Friday, December 14, 2007

24 hour access

At 7pm tonight, our 24/7 hours come to an end for this semester. here are the results.

Between Midnight and 8 a.m. we had a gate count high of 350 (Monday, December 10th)and a low of 47 (Saturday, December 8th.) the average between 12/3 and 12/14 was 209. Our data on how many people were in the building is pretty squishy, but it look like we had between 40 - 50 people in the library at 4 a.m. on any given night. Between midnight and 1 a.m., most people entered the library between 12-1 a.m. (an average of 59 on any one night) and the fewest people entered the building between 4 and 6 a.m. (an average of 9 per hour.)

On a campus with a residential population of less than 1700. I deem those numbers, along with lots of nice comments and thank yous, to be a success.

Wednesday, December 05, 2007

Olin Library Website

I would really like your contribution to this -- post a comment, please.

I have written about this before, twice in fact, but now we are on the verge of making some real progress so it is worth revisiting. I have never been particularly impressed with our website. I don't think it is very attractive or functional (in terms of both architecture and functionality) and I think we can do a lot better. We have made some progress with functionality over the last year and expect to make more soon, but we have held off on the attractiveness because ....

Rollins is currently involved in a project to ramp up its marketing efforts and the College's web presence is obviously a big part of that. Some of us from the Library met with the folks who will be redesigning the College's web presence last week to talk about our audience, what they do on our website, what functionality we need, what we see coming down the pike, and other concerns. It was a good meeting.
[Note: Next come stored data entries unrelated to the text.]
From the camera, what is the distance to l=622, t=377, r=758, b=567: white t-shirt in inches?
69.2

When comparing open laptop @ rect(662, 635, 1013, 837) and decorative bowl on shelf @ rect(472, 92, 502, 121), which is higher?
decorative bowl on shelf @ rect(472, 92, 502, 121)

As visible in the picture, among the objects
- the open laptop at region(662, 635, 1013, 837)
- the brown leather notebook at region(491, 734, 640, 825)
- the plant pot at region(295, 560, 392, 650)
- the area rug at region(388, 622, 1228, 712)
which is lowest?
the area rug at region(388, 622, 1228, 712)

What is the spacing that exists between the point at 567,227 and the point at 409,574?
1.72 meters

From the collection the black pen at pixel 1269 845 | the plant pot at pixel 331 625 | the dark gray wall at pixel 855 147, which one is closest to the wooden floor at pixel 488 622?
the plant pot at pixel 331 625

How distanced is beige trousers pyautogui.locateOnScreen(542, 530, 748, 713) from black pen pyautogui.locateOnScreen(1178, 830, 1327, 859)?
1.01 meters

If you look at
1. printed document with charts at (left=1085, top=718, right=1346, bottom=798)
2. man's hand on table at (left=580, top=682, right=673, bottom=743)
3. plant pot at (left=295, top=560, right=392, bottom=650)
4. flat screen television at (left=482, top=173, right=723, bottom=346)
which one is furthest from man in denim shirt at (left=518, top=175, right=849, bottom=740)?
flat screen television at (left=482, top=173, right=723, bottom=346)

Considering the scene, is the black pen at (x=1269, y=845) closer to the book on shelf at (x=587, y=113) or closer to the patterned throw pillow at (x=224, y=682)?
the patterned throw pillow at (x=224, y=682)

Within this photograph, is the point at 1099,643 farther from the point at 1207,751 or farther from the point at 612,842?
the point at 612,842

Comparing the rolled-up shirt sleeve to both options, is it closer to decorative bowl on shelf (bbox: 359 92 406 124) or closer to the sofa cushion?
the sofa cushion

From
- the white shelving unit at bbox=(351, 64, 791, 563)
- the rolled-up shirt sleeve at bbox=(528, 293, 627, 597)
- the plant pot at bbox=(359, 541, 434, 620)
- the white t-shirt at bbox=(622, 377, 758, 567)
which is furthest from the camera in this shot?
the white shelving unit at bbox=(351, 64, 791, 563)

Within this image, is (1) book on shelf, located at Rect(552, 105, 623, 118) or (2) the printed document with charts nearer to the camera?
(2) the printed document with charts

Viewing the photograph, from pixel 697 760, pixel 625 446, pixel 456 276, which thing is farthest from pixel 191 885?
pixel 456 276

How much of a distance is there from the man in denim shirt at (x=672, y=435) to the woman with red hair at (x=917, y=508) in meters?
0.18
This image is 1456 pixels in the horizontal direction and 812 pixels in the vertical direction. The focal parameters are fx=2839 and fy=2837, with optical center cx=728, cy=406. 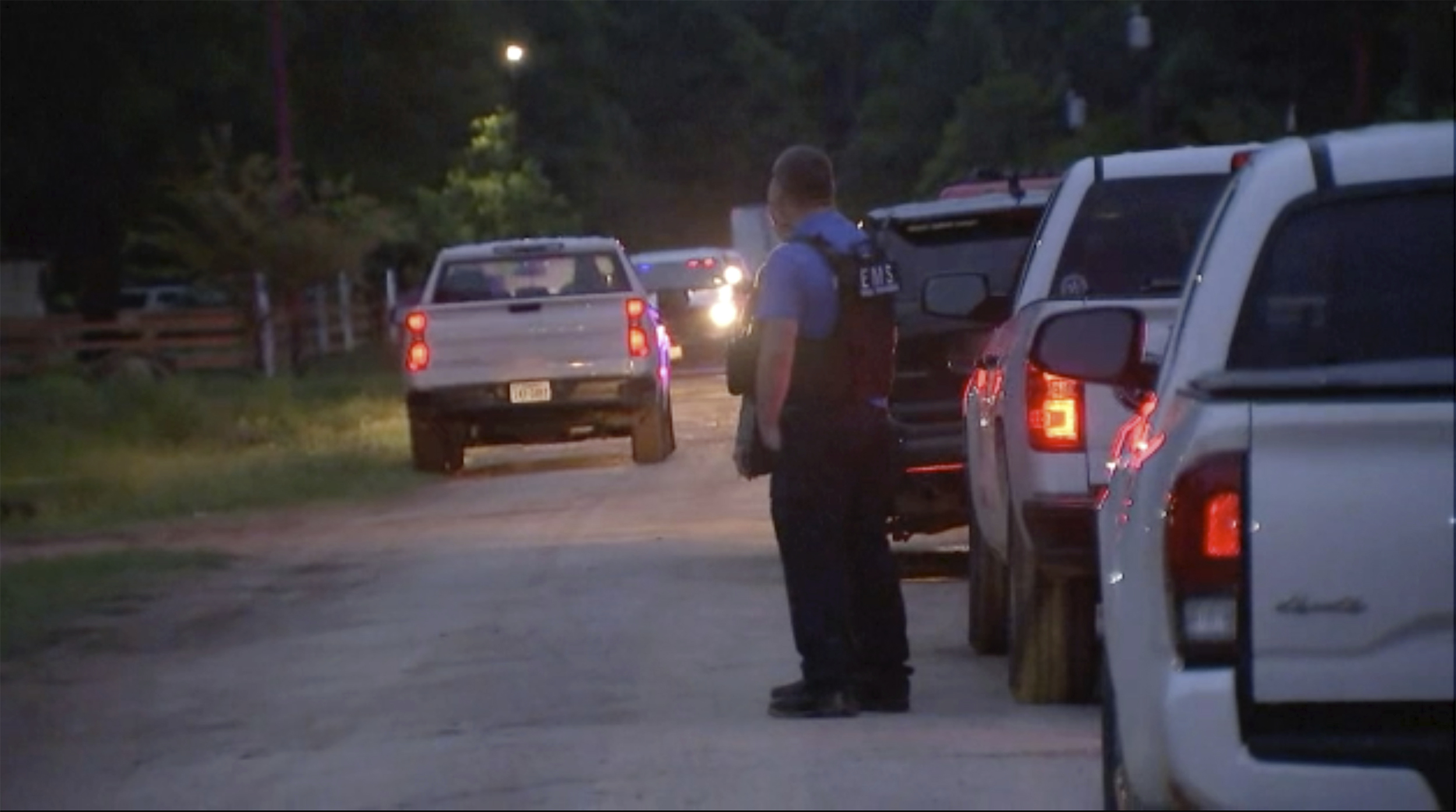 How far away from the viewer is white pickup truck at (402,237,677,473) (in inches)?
872

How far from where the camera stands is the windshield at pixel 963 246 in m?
13.3

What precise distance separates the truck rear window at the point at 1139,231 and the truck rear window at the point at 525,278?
12.6m

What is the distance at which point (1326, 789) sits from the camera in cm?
555

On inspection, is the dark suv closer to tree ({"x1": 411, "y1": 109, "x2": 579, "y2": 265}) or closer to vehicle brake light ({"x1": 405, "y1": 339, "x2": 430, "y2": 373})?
vehicle brake light ({"x1": 405, "y1": 339, "x2": 430, "y2": 373})

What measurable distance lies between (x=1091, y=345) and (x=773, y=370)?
6.17 ft

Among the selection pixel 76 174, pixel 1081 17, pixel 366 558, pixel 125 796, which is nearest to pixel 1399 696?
pixel 125 796

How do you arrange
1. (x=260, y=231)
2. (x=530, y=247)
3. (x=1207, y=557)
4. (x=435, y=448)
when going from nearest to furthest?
(x=1207, y=557)
(x=530, y=247)
(x=435, y=448)
(x=260, y=231)

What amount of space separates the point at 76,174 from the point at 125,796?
37204 millimetres

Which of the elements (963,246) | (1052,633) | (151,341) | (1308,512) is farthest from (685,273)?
(1308,512)

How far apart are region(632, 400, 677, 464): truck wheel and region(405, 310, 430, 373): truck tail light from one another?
5.79ft

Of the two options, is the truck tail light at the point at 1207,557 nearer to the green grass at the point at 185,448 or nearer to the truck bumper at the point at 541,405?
the green grass at the point at 185,448

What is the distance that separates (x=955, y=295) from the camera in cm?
1136

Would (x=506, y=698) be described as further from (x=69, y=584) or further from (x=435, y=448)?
(x=435, y=448)

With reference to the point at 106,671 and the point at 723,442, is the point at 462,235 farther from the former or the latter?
the point at 106,671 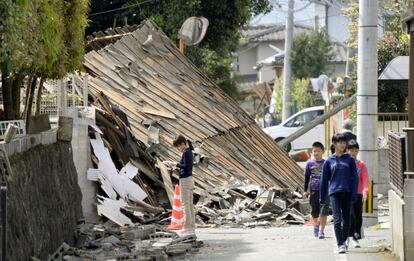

One way to approach this is look at what we like about other websites that can inform our rebuild. Last time I wrote about this we got lots of comments. Here are the sites that were mentioned:

Brigham Young University -- Yvonne liked this one. The only thing I don't like is that the white box does not resize. It is a fussy box anyway, and this makes it even fussier. Well not the only thing -- the colors clash as well.
British Library -- The only things I don't particularly like are the navigation bar in the center of the screen and the horizontal orientation
Bowdoin -- I am not as big a fan as I was, except of their federated searching solution, but that could stand out more.
Bucknell -- This one did not get mentioned, but it should have been. First they are using xml. Sweet. Look at that picture with text in the middle -- object lessons on how they change teaching and learning, and they change as you visit the site. The search of the (Bill -- Sirsi!!!) catalog is right there in the middle and look at that calendar function. The whole impression is full, perhaps tending to fussy, but generally, very good.
Gustavus Adolphus -- Still like the clean lines and space, but why call a good blog "Library News"? They could be more creative than this.
Middlebury College -- I still like it, but there are still too many links, and why not have a federated search function on this opening page?
Oberlin College -- What was their new site is now in production and still looks good. I like the blog, but there are too many options under "find", and why aren't they federated search boxes?
Smith College -- I still like the direct link to subject guides in the "find resources" drop down menu, and the quick search of the catalog, as well as the float over menus. The left side is still fussy though.
Sonoma State University -- Another one Yvonne liked. It is clean and has the search of the catalog right there, and I like the haiku.
University of Rochester -- Dani Picard liked this one and they have the distinction of basing design on thorough usability testing. But why have the owl break the line that way? Ugh! Some of the functionality behind the "finding" (why the gerund?) links is great, but why have different lengths of buttons, and why not find a way to put the search right on the front page?
Webster University -- Naomi liked this one. I like the white space but not the font or those little black blobs. Also why say "look for" instead of "find"? As Roy Tennant says, "librarians like to search, everyone else like to find." Finally, the link to the survey results (great idea!) is ugly.

Monday, December 03, 2007

The race to the finish line

There is a palpable change in the atmosphere in the library today. Just two weeks until the end of exams and the semester (at least for Arts & Sciences and Holt. Crummer follows Trotsky's theory of permanent revolution and never seems to stop.) Everyone is busy, focused, and the place is even fuller than usual.

We started 24 hour access on Sunday and will run through Friday December 14th. So far it is pretty slow, but we expect traffic to build as the publicity hits and as deadlines grow tight. Here are the hourly gate counts from the first night. Unfortunately these only tell us how many people entered the library, not how long they stayed, and we are having a devil of a time getting Campus Safety to do a 4 a.m. walk through the building to count heads. However, the building is clearly being used, who are those hardy thirty folks who get up and go to the library between 4 and 6 am?

Monday 12/3 Data

Hour Gate Count
1am 59
2am 21
3am 13
4am 11
5am 11
6am 8
7am 17
8am 66

Average 26

However, the building is clearly being used. Who are those hardy thirty folks who get up and go to the library between 4 and 6 am?